Jesus had his own issues to deal with. He didn’t have to deal with the complexity of ‘value’ concealed in the status of social media followings, and so on. But he did understand value. What I think he buried into the Parable of the Lost Son was an important subtlety that tends to get missed in our rush to use it to celebrate forgiveness and the ‘return to virtue’.
If you think about it, what was returned—the single coin; the single sheep; the prodigal son—was worth relatively little in the scheme of things. What is therefore being celebrated was not the single coin or the sheep, or even the son, but the restoration of their respective value in the wider context:
One coin, alone on a table, is worth everything to an observer.
One-coin-among-10 on a table would barely be noticed.
It was not the prodigal son’s return that was being celebrated, but the restoration of his little part of the family. That, in relative terms, was a downgrade for him.
We assign a lot of value to wealth in our society, in large part because of the exceptional things we believe it can do.
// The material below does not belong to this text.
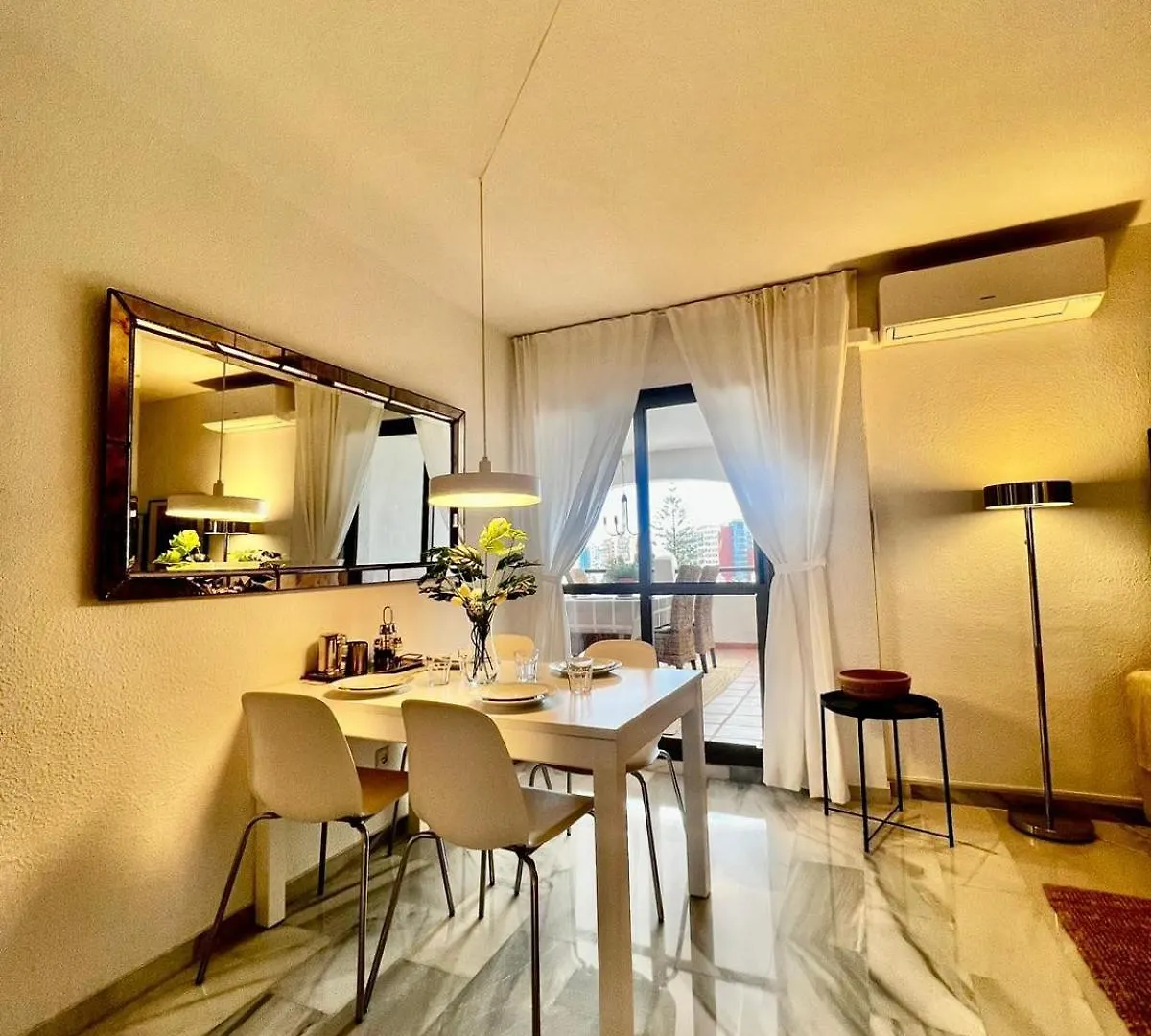 Apartamento En Pueblo Evita Con Piscina Y Terraza Benalmadena 0*,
And, the result is a kind of self-fulfilling prophecy, where we all gather around and lift it up above our heads while exclaiming “Look at how high it is! Look at how it floats above us!”
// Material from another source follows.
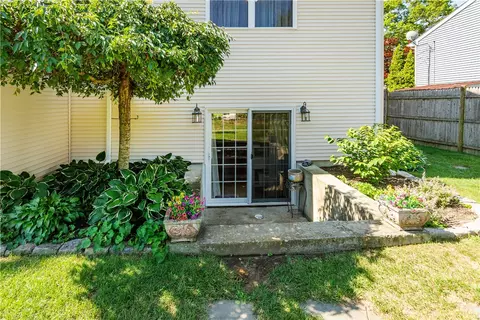Exterior - 3 Glendale Ave, Warwick, RI 02889 photo 7 of 9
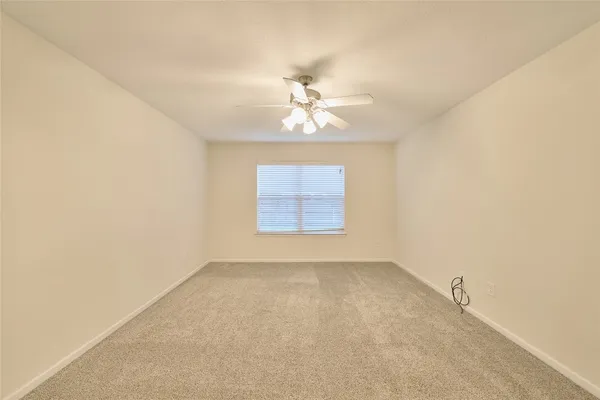 $2,250 | 12515 Lakeshore Drive, Montgomery, TX 77356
Even as it kicks our arse, we keep straining to hold it up, in the optimistic hope that it will, one day, turn and smile down on us.
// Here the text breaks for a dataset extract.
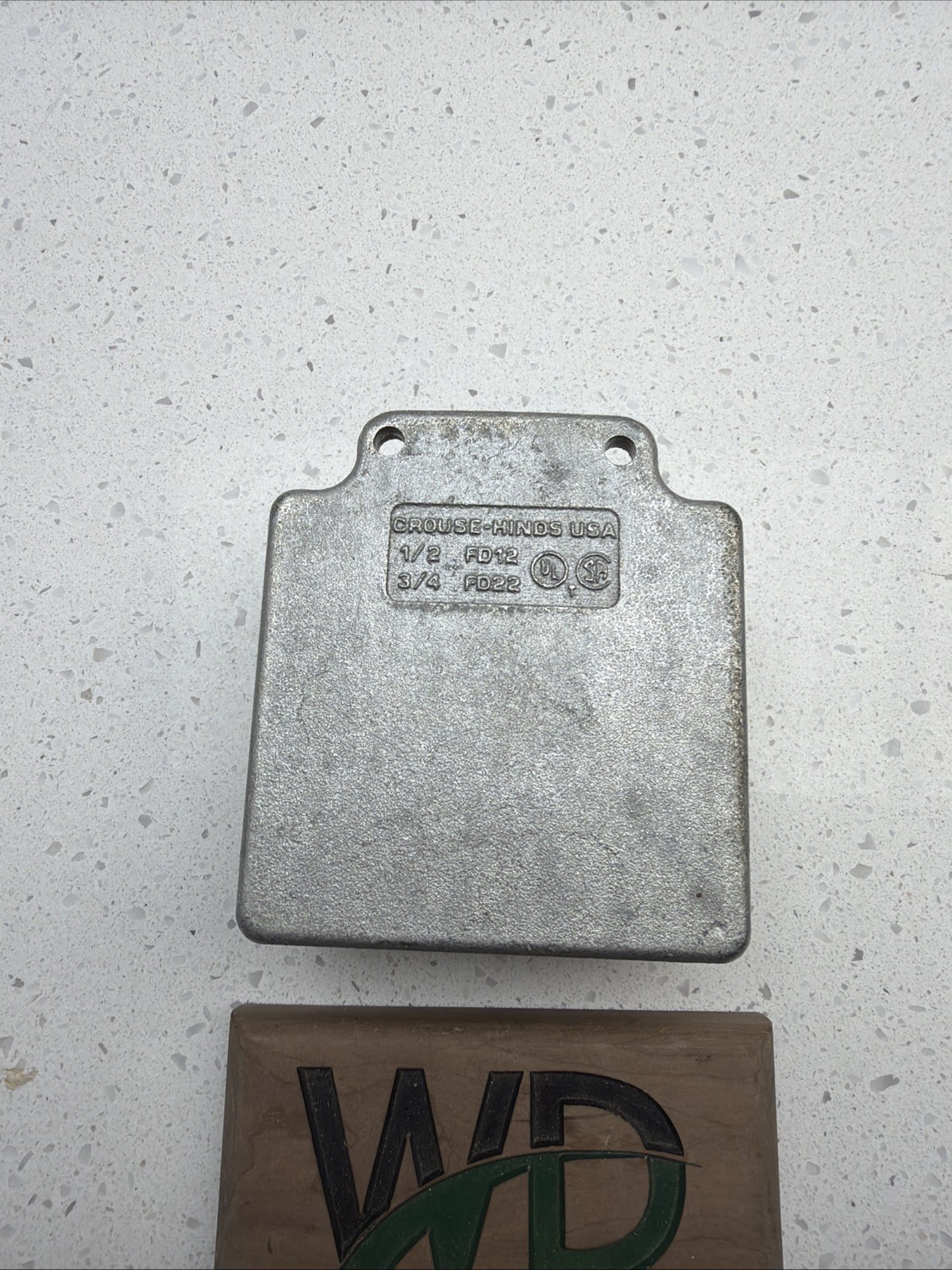 NIB – Crouse Hinds – FD22 – Two-Gang, 3/4″ Device Box Made Of Feraloy Iron Alloy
But wealth is a shared commodity—built out of knowledge stacked-up, and effort exerted over millennia.
When the sheep came back, he gets bundled up with the rest of the flock—not sprinkled with glitter and given a beanbag to lie in for the rest of his days...
When that coin was found, it will be dropped back into the little coin purse with the other nine to be spent, not put on a shelf to be pointlessly admired…
We don’t get the rest of the story of the prodigal son but, presumably, he went on to work the land as an equal—that is, 1/3rd of what he was when he was lost—alongside his brother and father.
When our collected-wealth is lost to individuals, and then some of it finds its way back to us—as philanthropy, or investment, or jobs, or Marvel® Avengers™ movies—the lesson it should teach us is about where wealth belongs.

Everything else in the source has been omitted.